A purple sausage bag came flying out of the dark interior of the VW. Beverley grabbed it out of the air and slung it over her shoulder.

‘And I believe this is yours,’ said Corve and handed Beverley her phone. ‘Bit of a revelation, that,’ she said. ‘We didn’t know they made them waterproof – very handy.’

‘I can’t be doing with those things,’ said Miss Tefeidiad and sniffed.

Behind her, Corve made a face.

‘Laters, ladies,’ said Beverley and, grabbing my arm, urged me away.

‘So, you won’t be staying for tea then?’ asked Miss Tefeidiad.

Beverley urgently squeezed my arm, so I told them we couldn’t.

‘I have to get back to the investigation,’ I said.

‘That’s a shame then,’ said Miss Tefeidiad.

And me and Beverley got while the going was good.

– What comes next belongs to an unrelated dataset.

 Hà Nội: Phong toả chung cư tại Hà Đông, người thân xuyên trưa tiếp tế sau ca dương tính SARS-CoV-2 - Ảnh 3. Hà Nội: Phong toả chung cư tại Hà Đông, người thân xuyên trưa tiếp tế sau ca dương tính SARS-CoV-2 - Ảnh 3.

‘Not a word,’ said Beverley, who was so keen to get away we were halfway back to the car before she realised that she was walking barefoot on gravel. We paused long enough for her to extract a pair of flip flops from her sausage bag and then walked briskly the rest of the way. She didn’t relax until we were in the car and the River Teme was a kilometre behind us.

‘That was close,’ she said.

‘What was all that about?’ I asked.

She pulled off the Tesco bag and shook out her locks, flicking me with water and filling the Asbo with the smell of clean damp hair.

‘I thought it would be quicker to get here by water,’ she said, rummaging in her carryall and bringing out a yellow and blue beach towel. ‘Should have used an M&S bag,’ said Beverly and started squeezing out her locks in bunches. ‘That bitch Sabrina failed to mention the weird sisters were still in residence and I ran right into them at Burford.’

‘They didn’t like you trespassing?’

‘I’m lucky to be alive,’ said Beverley. ‘You don’t mess with someone’s river without getting permission first.’

‘You should have driven up,’ I said.

‘I’d still have had to cross the Severn, and if you do that you’ve got to stop and give some respect to Sabrina or she throws a right strop,’ said Beverley. ‘I thought that if I was getting my hair wet I might as well take a short cut.’

‘What are you doing out here, anyway?’ I asked.

‘I’ve been deputised,’ she said. ‘And sent out to assist in your investigation.’

‘Who by?’

‘Who do you think?’ she said. ‘Your boss wanted someone out here who knew one end of a cow from the other.’

‘And that’s you, is it?’

‘One of us spent a year rusticating with their country cousins,’ she said. ‘And do you remember whose bright idea that was?’ She bunched her fist and punched me in the shoulder – hard enough that I almost put us in the hedgerow. ‘And did I get one visit?’